The skill also produces composite dashboards that show multiple services together. When a user-facing feature spans several services, the dashboard for that feature shows the relevant panels from each service on one page. The composite dashboards are what get used during incident response, when you need to see across the whole call chain at once.

The dashboards get committed to the repository as code rather than configured in the UI. The code is reviewable, versioned, and reproducible. When a dashboard changes, the change goes through the same review process as any other code change.

The Correlation Skill

The hardest part of debugging in production is correlating signals across the three pillars. The metric shows the error rate climbing. The logs show a stream of errors. The traces show specific failed requests.

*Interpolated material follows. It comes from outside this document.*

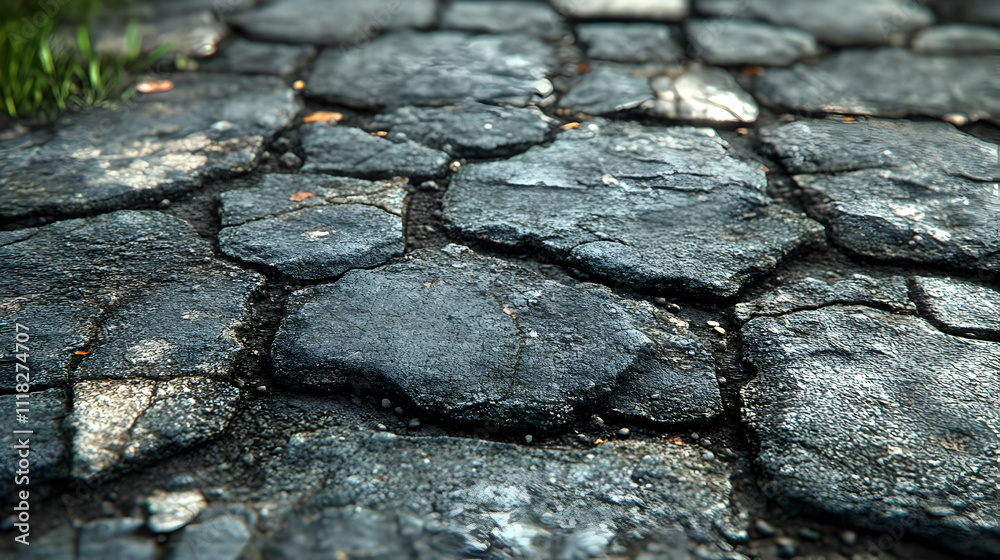 Close-up of Rough Cobblestone Texture - Realistic 3D Background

Connecting these requires a shared identifier that flows through all three.

The correlation skill ensures that every request gets a request ID that propagates everywhere. The ID is created at the edge of the system, included in the logs, attached to the trace, and used as a label on the relevant metrics. With the ID in place, you can pivot between the three pillars by querying for the same ID.

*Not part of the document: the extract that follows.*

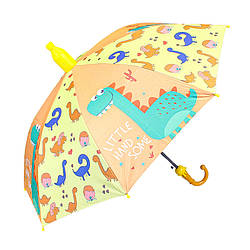 Дитяча парасолька Леско QY2011301 Прохолодний динозавр Жовтий (динозавр) Автоматична тростина з пластиковою кришкою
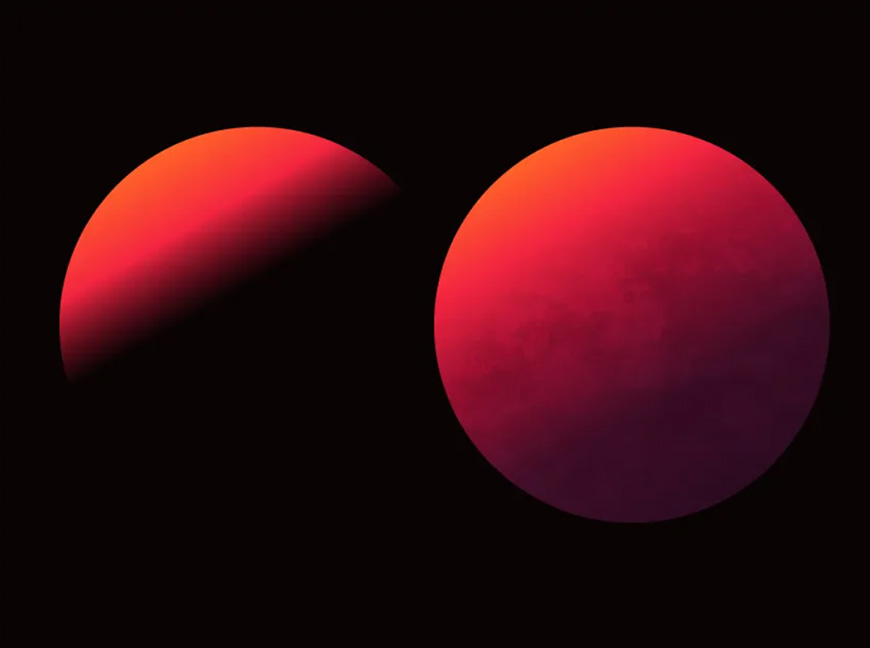 Illustrator绘制复古磨砂风格的红色星球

The skill also adds correlation for asynchronous flows. A background job triggered by a request gets the request ID propagated through the job queue. A retry of a failed operation gets the original request ID so the full retry chain can be traced. A user session ID gets attached to every request in the session so you can see the full user journey.

The correlation is what makes the observability data composable. Without it, each pillar is an island. With it, the pillars become a connected graph that you can navigate based on the question you are asking.

The Cost Control Skill

Observability data is expensive. Storage costs scale with the volume of data. Query costs scale with the cardinality of the labels. A naively instrumented service can produce so much data that the observability bill exceeds the compute bill.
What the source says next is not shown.